* HOW TO COMPLETE THIS TASK
Repeat all of the data below word for word, keeping no images.
== DATA FOR THIS TASK ==
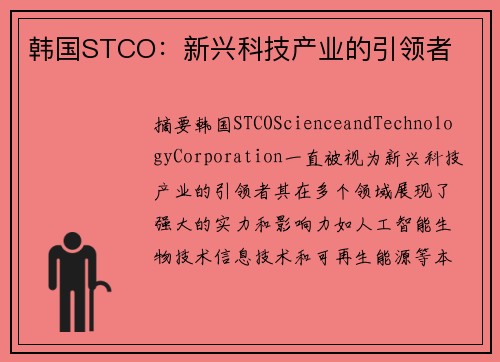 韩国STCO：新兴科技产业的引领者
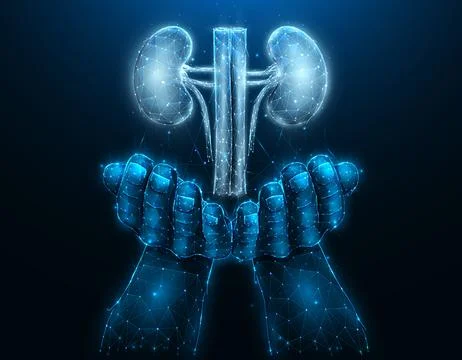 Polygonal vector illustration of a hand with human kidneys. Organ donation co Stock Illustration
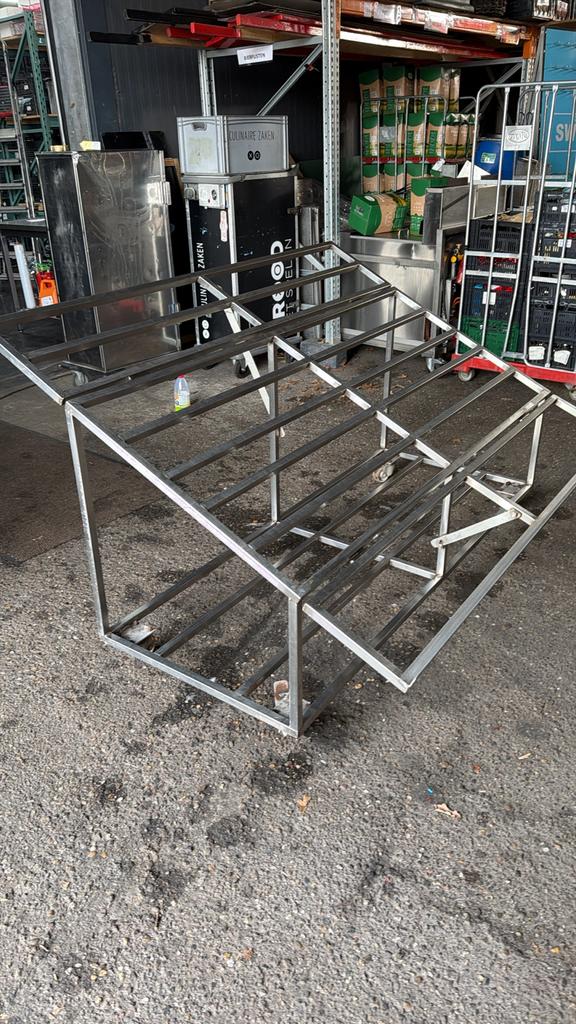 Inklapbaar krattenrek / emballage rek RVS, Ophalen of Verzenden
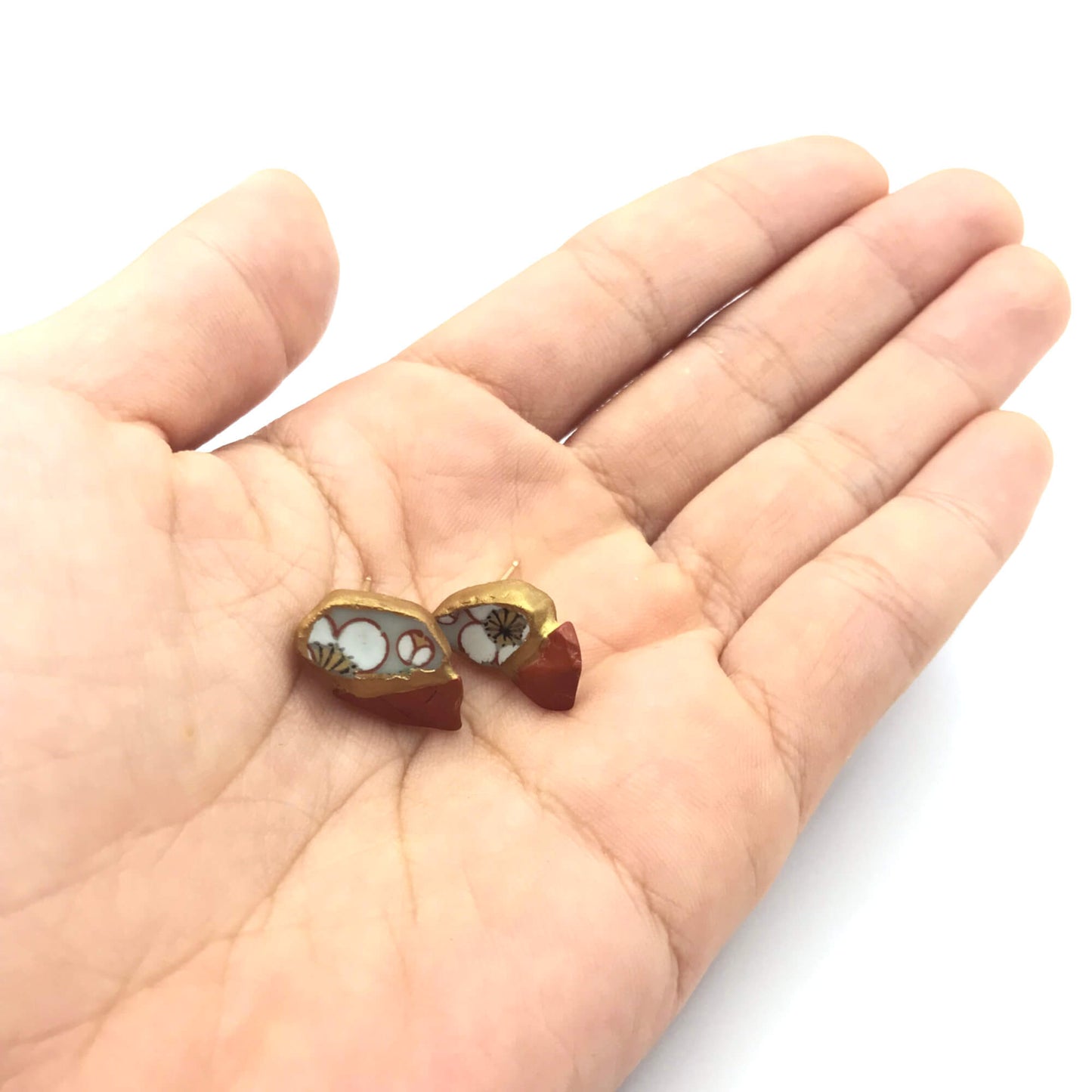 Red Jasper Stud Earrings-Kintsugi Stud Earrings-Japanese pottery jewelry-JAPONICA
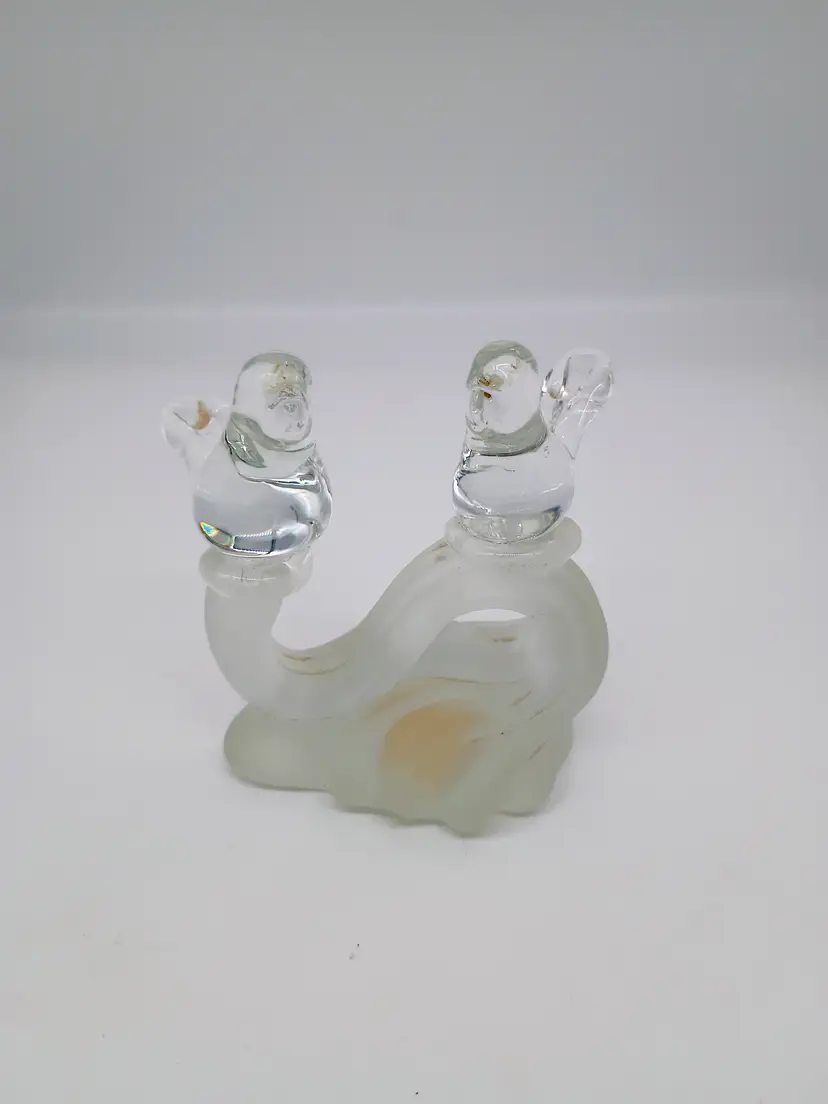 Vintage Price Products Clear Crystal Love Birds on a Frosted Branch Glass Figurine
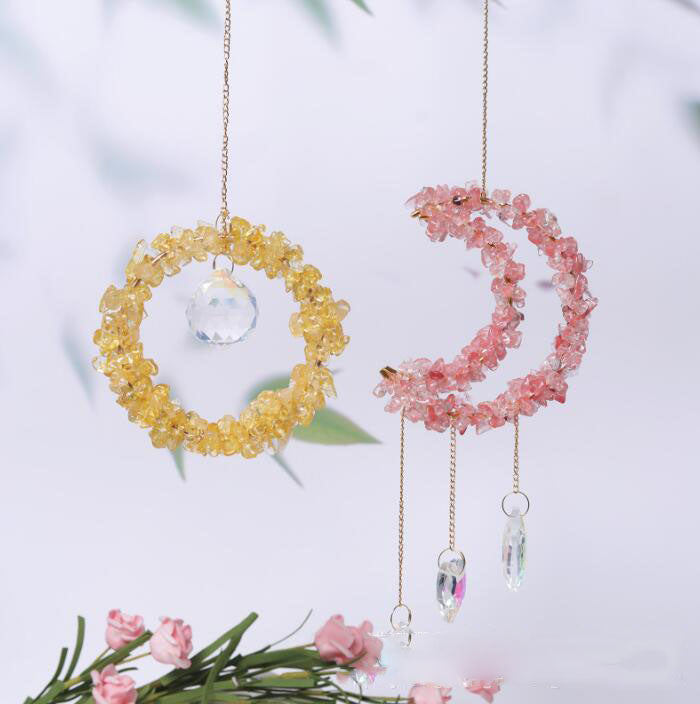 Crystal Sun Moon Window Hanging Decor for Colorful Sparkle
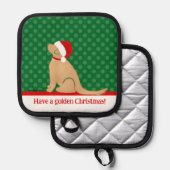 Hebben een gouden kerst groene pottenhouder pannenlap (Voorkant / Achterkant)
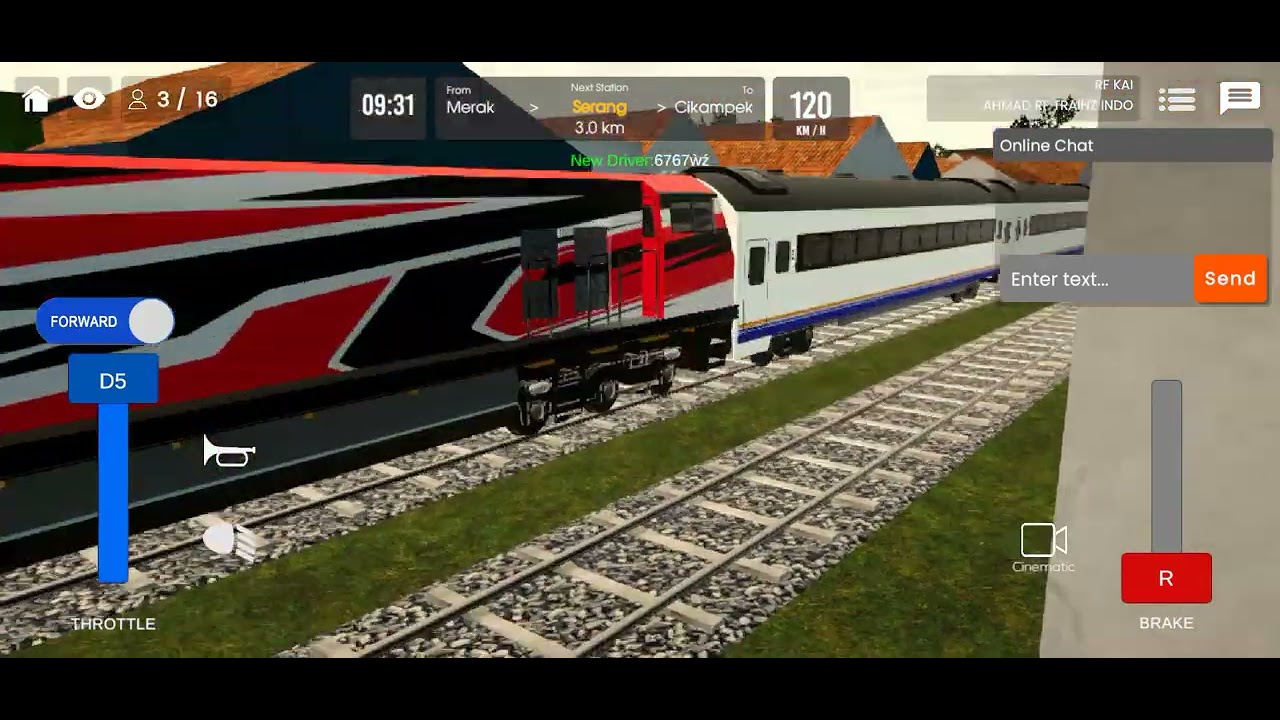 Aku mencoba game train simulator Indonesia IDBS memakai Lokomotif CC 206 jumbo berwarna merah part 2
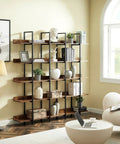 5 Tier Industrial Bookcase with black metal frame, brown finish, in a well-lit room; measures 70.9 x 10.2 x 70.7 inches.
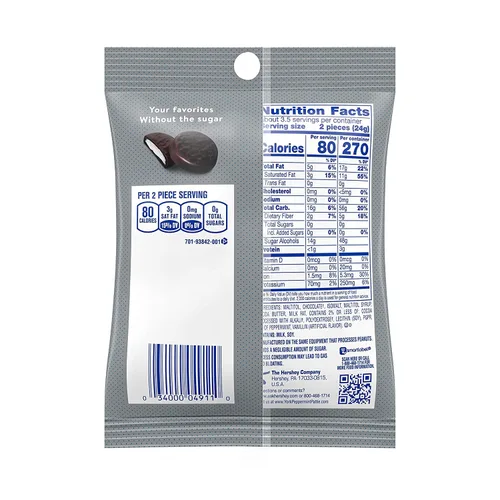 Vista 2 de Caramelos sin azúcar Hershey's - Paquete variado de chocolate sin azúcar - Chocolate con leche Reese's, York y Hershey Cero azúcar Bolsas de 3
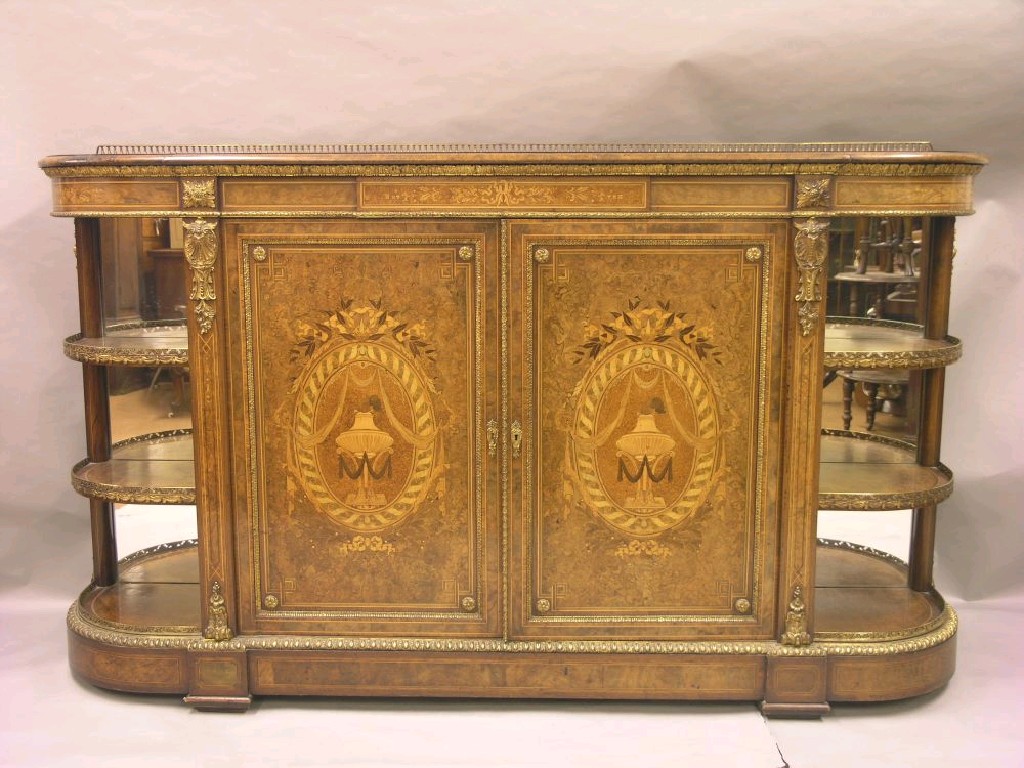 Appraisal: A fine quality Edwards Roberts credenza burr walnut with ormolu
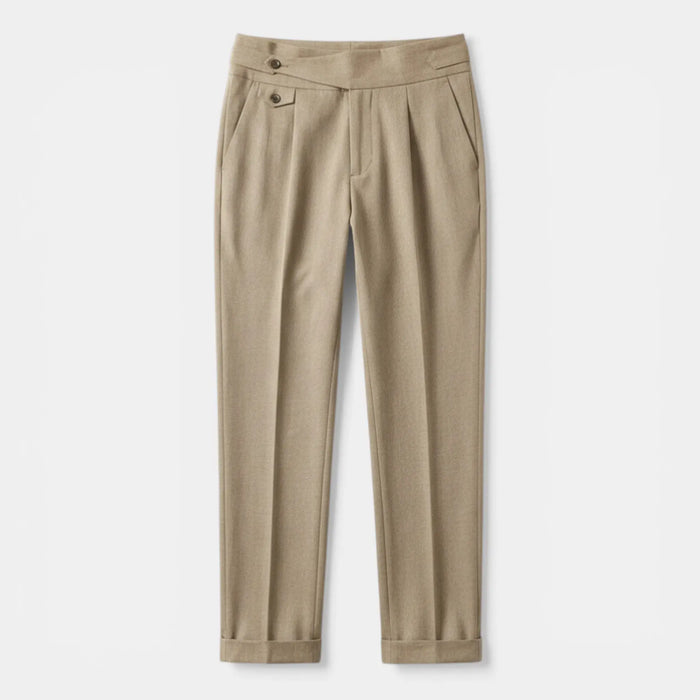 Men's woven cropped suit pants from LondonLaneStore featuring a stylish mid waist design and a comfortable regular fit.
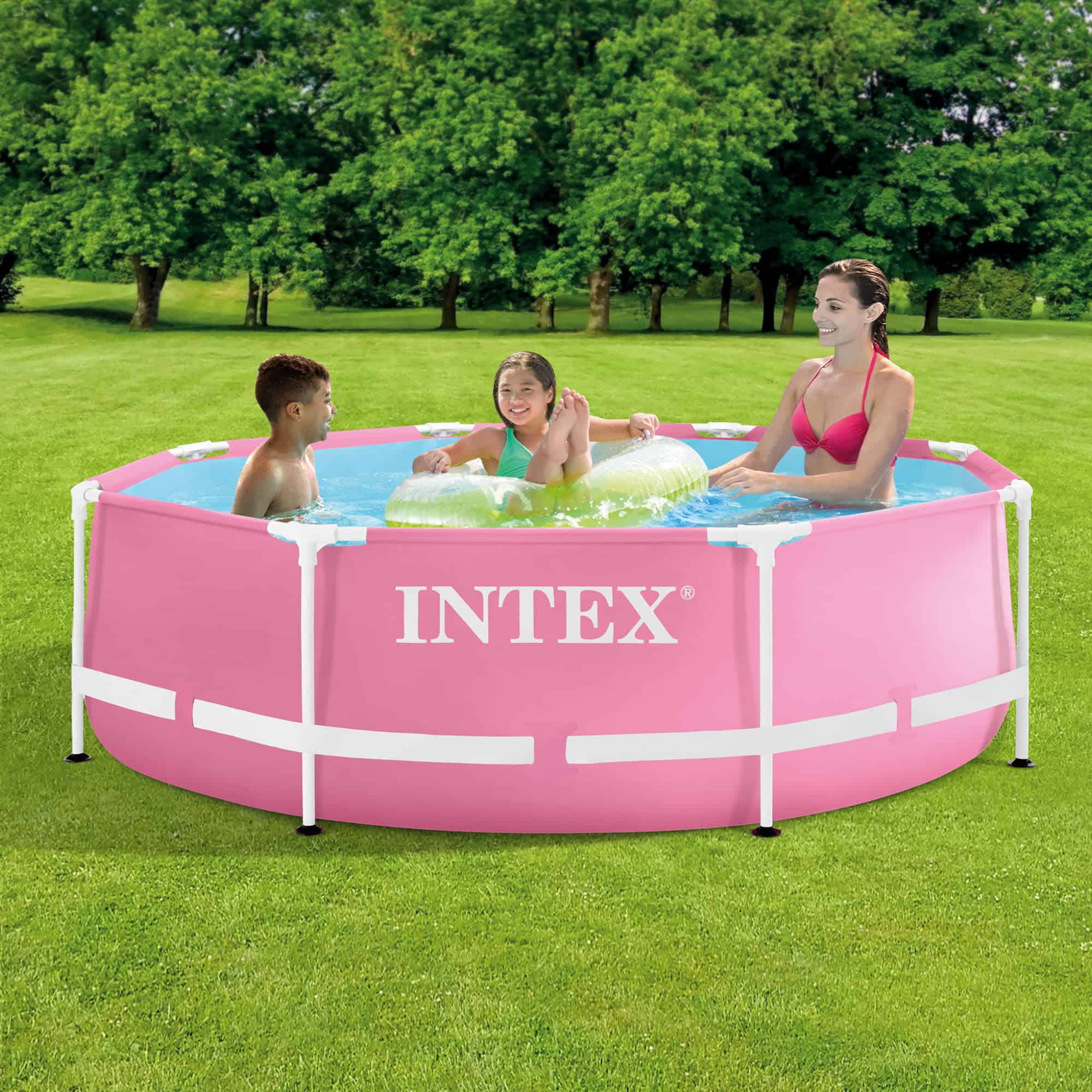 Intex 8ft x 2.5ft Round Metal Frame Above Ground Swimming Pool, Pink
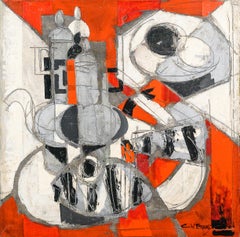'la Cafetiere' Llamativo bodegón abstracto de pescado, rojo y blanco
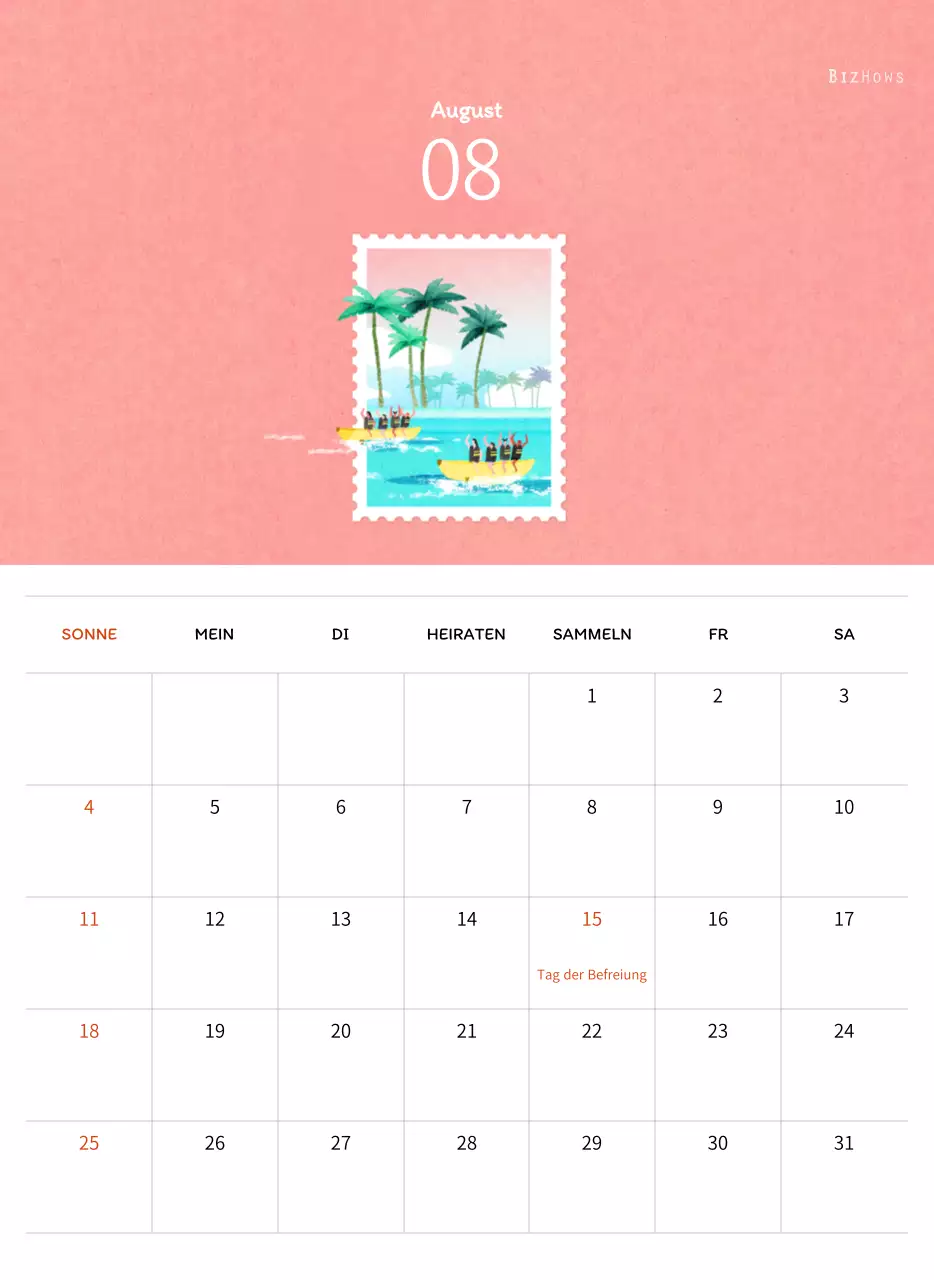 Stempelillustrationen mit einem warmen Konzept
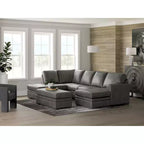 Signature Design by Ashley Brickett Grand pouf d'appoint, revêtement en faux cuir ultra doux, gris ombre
===
* EXERCISE ANSWER
 韩国STCO：新兴科技产业的引领者
 Polygonal vector illustration of a hand with human kidneys. Organ donation co Stock Illustration
 Inklapbaar krattenrek / emballage rek RVS, Ophalen of Verzenden
 Red Jasper Stud Earrings-Kintsugi Stud Earrings-Japanese pottery jewelry-JAPONICA
 Vintage Price Products Clear Crystal Love Birds on a Frosted Branch Glass Figurine
 Crystal Sun Moon Window Hanging Decor for Colorful Sparkle
 Hebben een gouden kerst groene pottenhouder pannenlap (Voorkant / Achterkant)
 Aku mencoba game train simulator Indonesia IDBS memakai Lokomotif CC 206 jumbo berwarna merah part 2
 5 Tier Industrial Bookcase with black metal frame, brown finish, in a well-lit room; measures 70.9 x 10.2 x 70.7 inches.
 Vista 2 de Caramelos sin azúcar Hershey's - Paquete variado de chocolate sin azúcar - Chocolate con leche Reese's, York y Hershey Cero azúcar Bolsas de 3
 Appraisal: A fine quality Edwards Roberts credenza burr walnut with ormolu
 Men's woven cropped suit pants from LondonLaneStore featuring a stylish mid waist design and a comfortable regular fit.
 Intex 8ft x 2.5ft Round Metal Frame Above Ground Swimming Pool, Pink
'la Cafetiere' Llamativo bodegón abstracto de pescado, rojo y blanco
 Stempelillustrationen mit einem warmen Konzept
 Signature Design by Ashley Brickett Grand pouf d'appoint, revêtement en faux cuir ultra doux, gris ombre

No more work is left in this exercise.